The pitch is always the same. A vendor shows a demo, a developer runs a prototype, or a board member reads an article and asks why the company is not doing more with AI. The conversation turns to budget. Someone mentions API costs, which are low. The assumption forms that AI is cheap.
It is not cheap. The API costs are real, and they are low relative to the total cost of delivering something useful in production. That gap, between what the invoice shows and what it actually costs to build and operate AI responsibly, is where most AI programmes run into trouble.
This is not an argument against AI investment. It is an argument for counting the whole cost before you commit.
What is actually in the invoice
Start with the visible part. API token costs are real and worth tracking. The problem is that they are easy to quote, easy to forecast, and easy to compare, so they dominate the budget conversation. A prototype that costs £40 a month in tokens sounds trivially cheap. The question is what it costs to get that prototype to production and keep it there.
Token costs vary by model tier, by input vs output ratio, and by how well the system is designed to avoid unnecessary inference. A poorly designed RAG pipeline with large context windows on every query can cost 10x more than a well-designed one doing the same job. The engineering to design it well is not free. That cost lives below the waterline.
The hidden costs, one by one
Engineering time
This is consistently the largest single cost in any AI programme. The activities that consume it: prompt engineering and evaluation (more rigorous than it sounds), integration with existing systems and data sources, building evaluation harnesses to measure output quality, and iterating when the model changes or the use case scope shifts.

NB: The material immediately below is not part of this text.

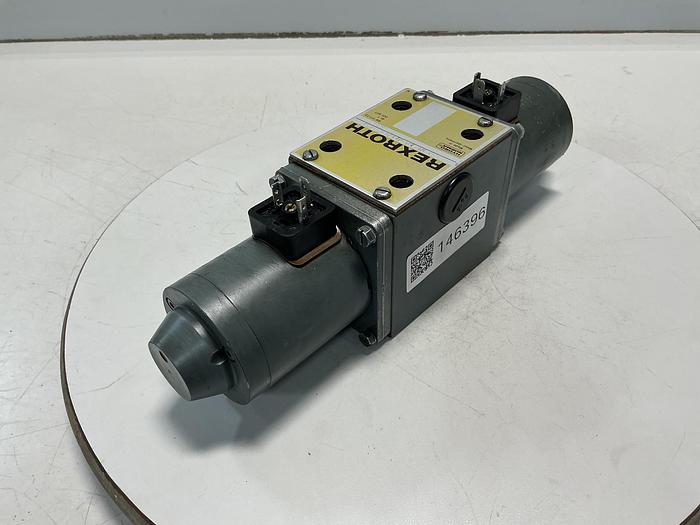 Used REXROTH 4 WE 10 J11/LG24NZ4
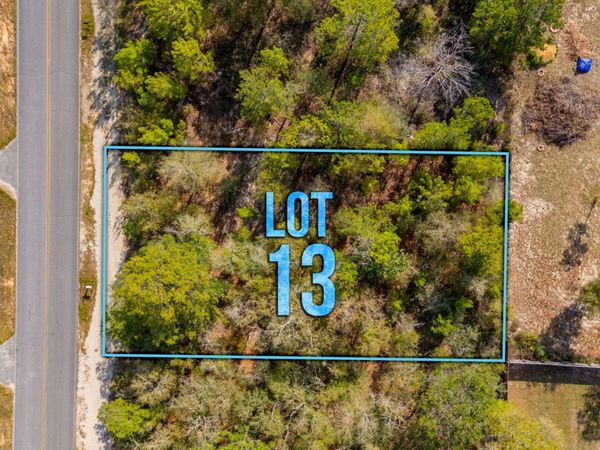 Lot 13 W Dogwood Avenue, DeFuniak Springs, FL 32433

A rule of thumb, based on building and observing multiple AI integrations: for every pound spent on inference, expect to spend four to ten pounds on engineering, depending on how production-grade the system needs to be. Higher for regulated industries, lower for low-stakes internal tools.
Rework and iteration
AI systems do not behave like traditional software. A model update from a vendor can change output characteristics without warning. A dataset distribution shift changes accuracy. A use case that worked in a demo does not work on the messy real-world data. These are not edge cases. They are the normal operating environment, and they generate engineering time that was not budgeted.
Vendor model deprecations are a particular trap. If the model you built against goes end-of-life and the replacement behaves differently, re-evaluation and re-tuning is a real cost. The industry moves fast, and that movement is not free for the teams consuming it.
Operations and monitoring
A production AI system needs monitoring that goes beyond uptime checks. Model drift (gradual degradation in output quality over time), cost anomalies (a change in usage pattern that sends spend to unexpected levels), latency regressions, and hallucination rates all need tracking. Building and maintaining that observability layer is not trivial.
On-call implications are also real. If a customer-facing AI feature goes wrong at 2am, who is paged? What does the rollback look like? These questions need answers before go-live, and answering them has a cost.
Compliance and governance
In any regulated sector, or any business that handles personal data, AI systems require formal risk assessment, data protection impact assessments, audit trail capability, and policy documentation. The EU AI Act creates tiered obligations based on risk category. Preparing for that is not a one-time exercise: it needs updating as the system evolves and as regulation changes.
Legal review of AI vendor contracts is also often underestimated. Data processing agreements, IP ownership of model outputs, liability for harmful outputs, and terms around training data retention all require attention, and legal time costs money.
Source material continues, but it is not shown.